O Estado de São Paulo – Caderno 2
7 de setembro de 2015
por Vanessa Barbara
Nós começamos falando de sorvetes: eu recomendei um de pistache e ele achou que tinha gosto de antibiótico, mas tomou até o fim, e eu revelei sem pudor a minha total incapacidade de apreciar um gelado sem terminar a noite com pingos de chocolate até naquela dobrinha de dentro do braço. (Pingos esses que permaneceriam, em forma de crosta, até um encontro no dia seguinte, num episódio revelador das nossas diferenças higiênicas e na técnica de tomar sorvetes.)
Não sei bem como tudo se deu cronologicamente, mas emendamos numa conversa longuíssima sobre feminismo, na qual se revelaram certas divergências, e em outra sobre o paradoxo de Olbers, na qual se discutiu por que a noite é escura. Eu tentei mostrar a constelação de Scorpius no céu de inverno, mas quase fomos atropelados e ele não acreditou que eu entendesse patavinas de astronomia. Um dia, quase o cooptei para a luta armada e por pouco ele não conseguiu fazer com que eu entendesse como funciona um acelerador de partículas.

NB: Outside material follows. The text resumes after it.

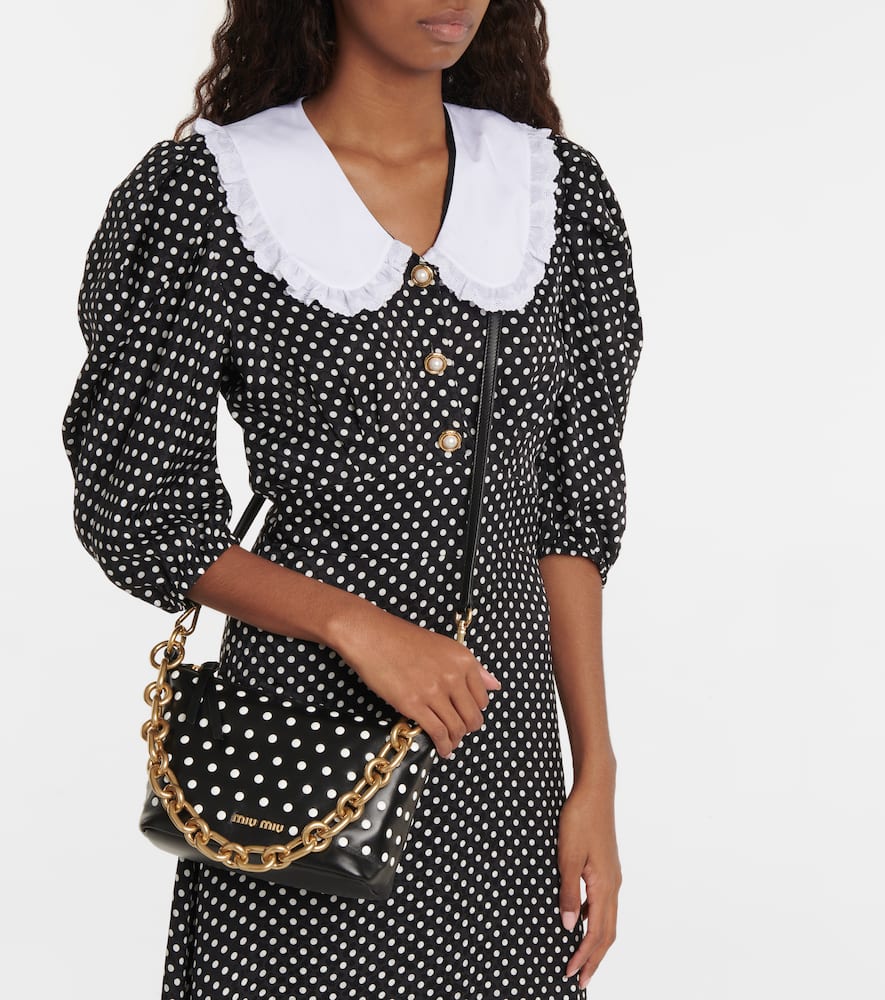 Polka-dot leather shoulder bag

Nos anos que se seguiram, ampliamos ainda mais o leque de temas para debate: mercado financeiro, lasanha, eleições, relatividade geral, Kant, música pop, legalização das drogas, pipoca doce, baiacus, corrida espacial. A existência de Deus poderia ser debatida pouco antes da exibição de um gif animado de cabras montanhesas escalando em ângulos impossíveis ou de um vídeo de gatos dando voadoras em bebês. Já cheguei a acordá-lo no meio da madrugada com argumentos novos sobre um assunto. Ele revelou que não gostava muito de crônicas e eu disse que não achava graça em ficção científica; ele não sabia que Neil Armstrong foi escoteiro e que Buzz Aldrin foi o primeiro homem a fazer xixi na Lua. Calmo e racional, ele me ensinou frases em árabe e em alemão, e nós passamos horas brincando de testar coisas bizarras no Google Trends.

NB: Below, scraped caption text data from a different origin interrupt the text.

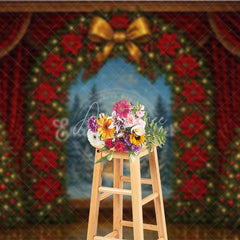 Aperturee - Aperturee Christmas Theater Stage Photography Backdrop Red Curtains with Poinsettia Wreath Holiday Performance Background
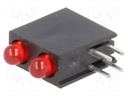 LED; in housing; red; 3mm; No.of diodes: 2; 20mA; Lens: diffused,red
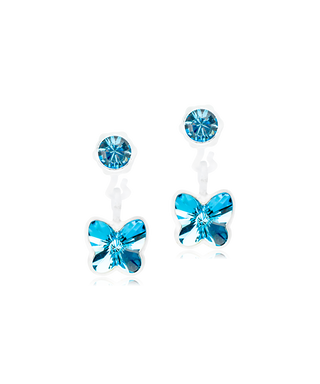 Pendant Butterfly Øreringe, Aquamarine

Certa vez, critiquei-o severamente pela leviandade na hifenização das palavras e insinuei que ele precisava de um dicionário de regências nominais. Quanto a mim, fui fonte de inomináveis decepções: em um período de poucos dias, confundi Sagan com Asimov, falei que cobras eram anfíbios e achei que um fóssil de mamute fosse o de um “dinossauro com chifre”.
Não raro, costumo procurá-lo com o pedido: “Me ajuda a pensar numa coisa?”, e passamos o jantar em animada assembleia. Defendemos posições opostas com a mesma facilidade com que trocamos de lado, ou então com que admitimos estar pensando naquilo pela primeira vez.
Acho que, até hoje, ainda estamos numa acalorada continuação daquela primeira conversa sobre sorvetes, como se os mistérios do Universo estivessem ao nosso alcance e representassem a extensão de uma casquinha; sendo estes infinitos, declaro interminável a nossa fonte de assuntos a discutir.
Ele vai achar meio brega essa crônica e eu vou contra-argumentar com uma série de raciocínios falaciosos e sem fundamento, mas ainda assim ele vai guardar o jornal.